The MDMO feature is based on optical flow and the data set can be a video segment or a picture. For example, for a sequence of images (f)1,f2,...,fm) This feature is based on a facial motion coding system, using 68 facial key points to divide the facial area of each frame into 36 regions of interest (ROIs), calculating the optical flow between frames. For each frame fiI > 1, for each ROI
Figure BDA0002589835760000084
The optical flow vectors in k 1, 2.., 36 are divided into 8 directional lattices, and the lattice with the largest number of optical flow vectors is selected, and the main direction of the optical flow is the average value of all the optical flow vectors in the lattice. The optical flow vector is expressed in polar coordinates (ρ)ii),ρiAnd thetaiIs the magnitude and direction of the optical flow.
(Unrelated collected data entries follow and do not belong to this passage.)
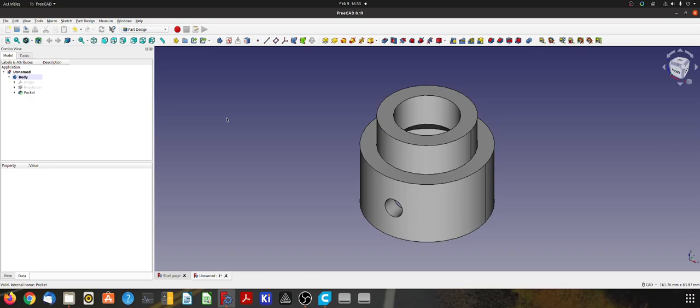Hi, I'm just going to quickly show you how to export an STL from FreeCAD so that you can 3D print a thing that you have designed.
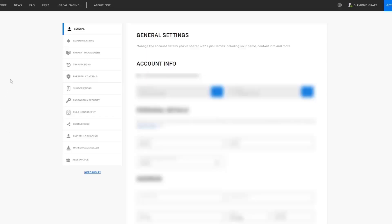In this video I will tell you how to link your account with Epic Games. It can be a Steam account, Twitch account, Xbox, PlayStation, or Nintendo Switch account. First of all, you need to go to the page of your Epic Games account, which is linked in the description.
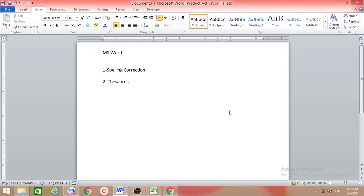Welcome to my channel, my name is Nargis. In this video I want to show you some very important things in MS Word. The first is spelling correction, the second is thesaurus, and first I want to show you spelling correction.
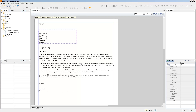Opening a data model doesn't import any of the data attached to it. Basically, you only have the field names and the field types, but you don't actually have any of the data attached to it.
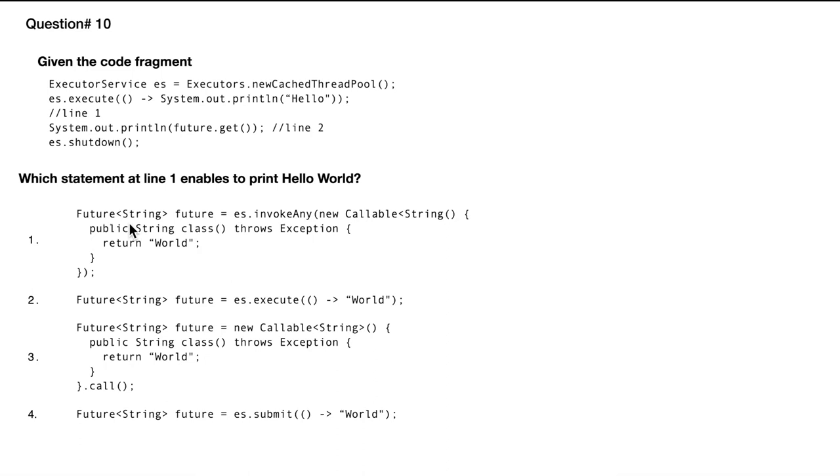In here we have Future String and then es.invoke any. If you know that invoke any will take a list of tasks, but in this case we are not providing a list. We are simply providing a callable task, so this code will not even compile.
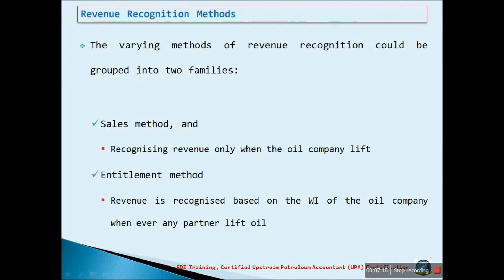Revenue Recognition Methods: How revenue should be recognized depends on the oil and gas contract with joint venture partners and relevant agreements with the state. This should therefore be read thoroughly, as accounting standards do not provide any specific guidance. However, the varying methods of revenue recognition could be grouped into two families: the sales method and the entitlement method.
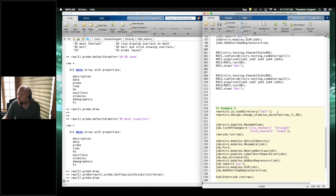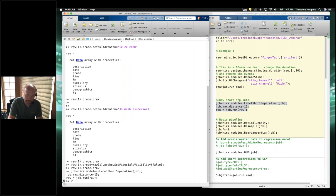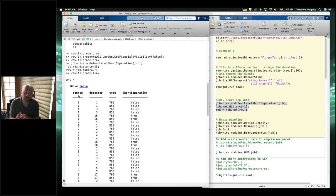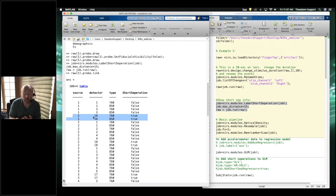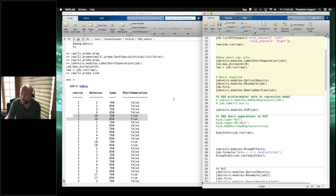In the toolbox, if we label which channels are short separations we can use them within our GLM model. We run a module called label_short_separations. Looking at the probe link variable — which shows all 108 channels with source, detector, wavelength — the last column indicates whether a channel was a short separation. Source one, detector 16 was identified as a short separation channel.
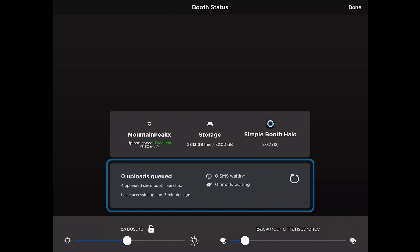Anytime your Wi-Fi connection is weak or non-existent, the app will queue up any pictures, text messages, and emails and send those out as soon as the iPad reconnects to a more reliable network.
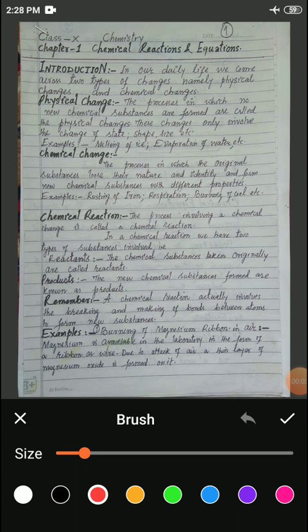Assalamualaikum warahmatullahi wabarakatuhu. Dear students, welcome to today's class. Today I have taken the first chapter of our chemistry portion: Chemical Reactions and Equations.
In order to eliminate the influence of different frame numbers of different video segments, the frame numbers are normalized to obtain the final characteristics:
Figure BDA0002589835760000091
wherein:
Figure BDA0002589835760000092
we denote the 72-dimensional features as:
Figure BDA0002589835760000093
where α is an adjustable parameter, and according to the experimental results of the thesis of the optical flow features, we set the value of the parameter to 0.9.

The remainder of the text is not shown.